# Kerfmaker - Bridge City



## DaytonB

very cool tool
may just have to get one.


----------



## sedcokid

Never saw one of these, must check it out


----------



## eruby

I also have one. 
This is one of the few tools that is actually as easy to use as the promotional videos make it out to be.


----------



## jack1

I'm gonna have to admit ignorance but what is this used for? Thanks.

Jack


----------



## Beezle

Jack, I have one and have used it to make dados.

You set one end to the width of the tool's kerf, say the blade on a saw. You set the other end to the thickness of the material that needs to fit into the dado.

Then you use it up against a stop along a perpendicular fence such as those along the back of a SCMS and easily cut a very accurate dado.

I find it is well made and works great.


----------



## jack1

Ah, got it. Thanks.


----------



## michelletwo

THanks for the review on a handtool. Looks useful.

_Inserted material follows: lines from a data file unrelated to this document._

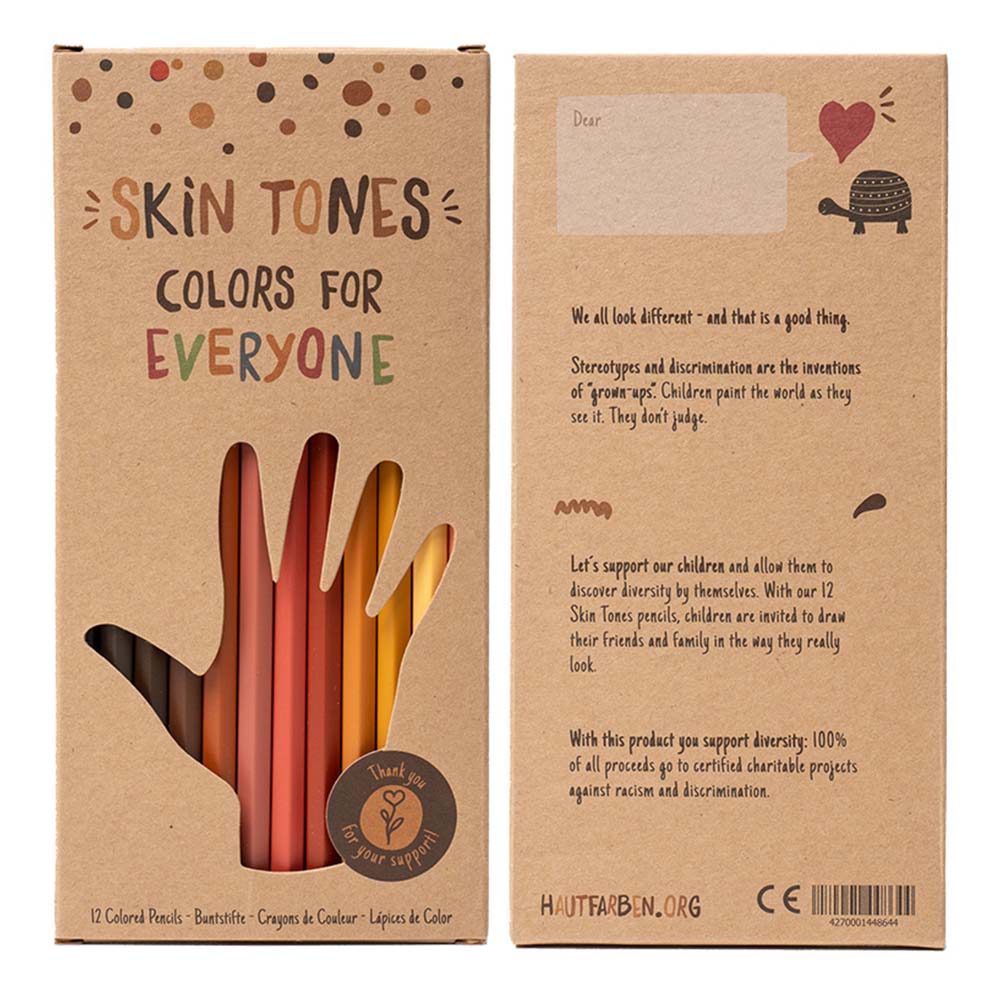 Hautfarben diverse skin tones colored pencils, individually packaged for customization.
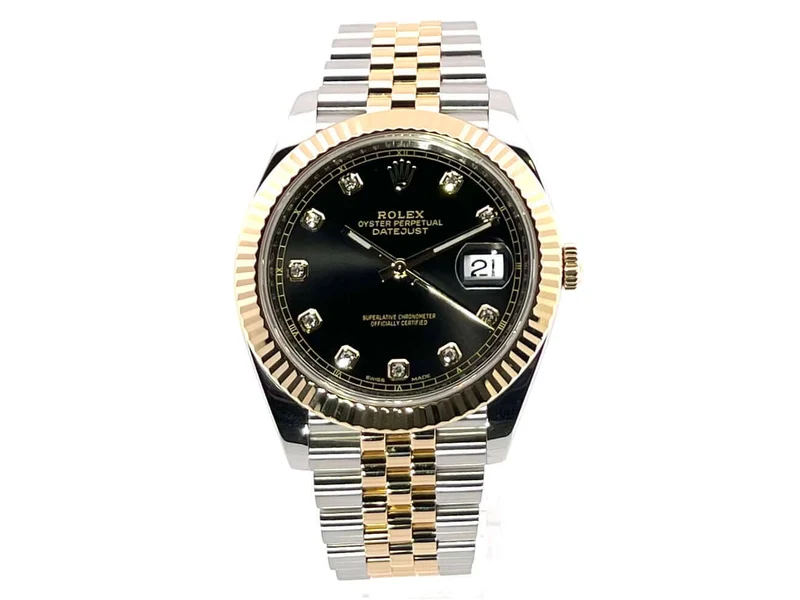 Rolex Datejust 41 Edelstahl Gelbgold 126333 Schwarz DIA Jubile-Band
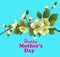 Happy Mother`s Day background with flowers on the tree, two birdies.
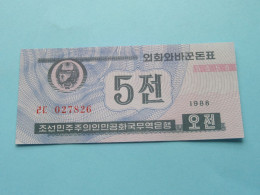 5 Chon - 1988 ( For Grade, Please See Photo ) UNC > North Korea ! - Corée Du Nord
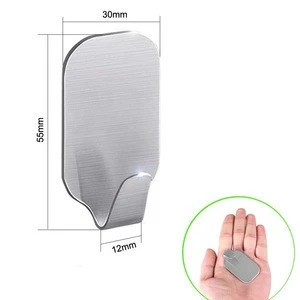 No Drill Pre-taped Stainless Steel Metal Self Adhesive Towel Coat Hat Key Robe Wall Mounted Holder Hook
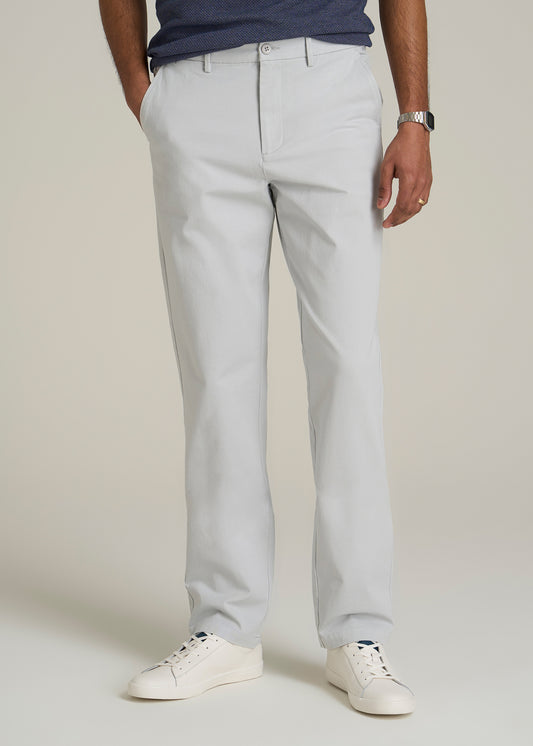 4 Way Stretch Commuter TAPERED Chino Pants for Tall Men in Silver Drop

But my question is: what would you have gotten if you used a shovel?


----------



## woodplay

a sore back and the desire to buy a snowblower


----------



## tyka

You don't know how smart a decision this was  I built the T-track model and figure I made about $2.00 an hour. The parts are just too small to make. I don't mind spending days to build jigs, but this one…. I'm not sure it's worth the work. I like yours much better. lol Tks for the nice pics.


----------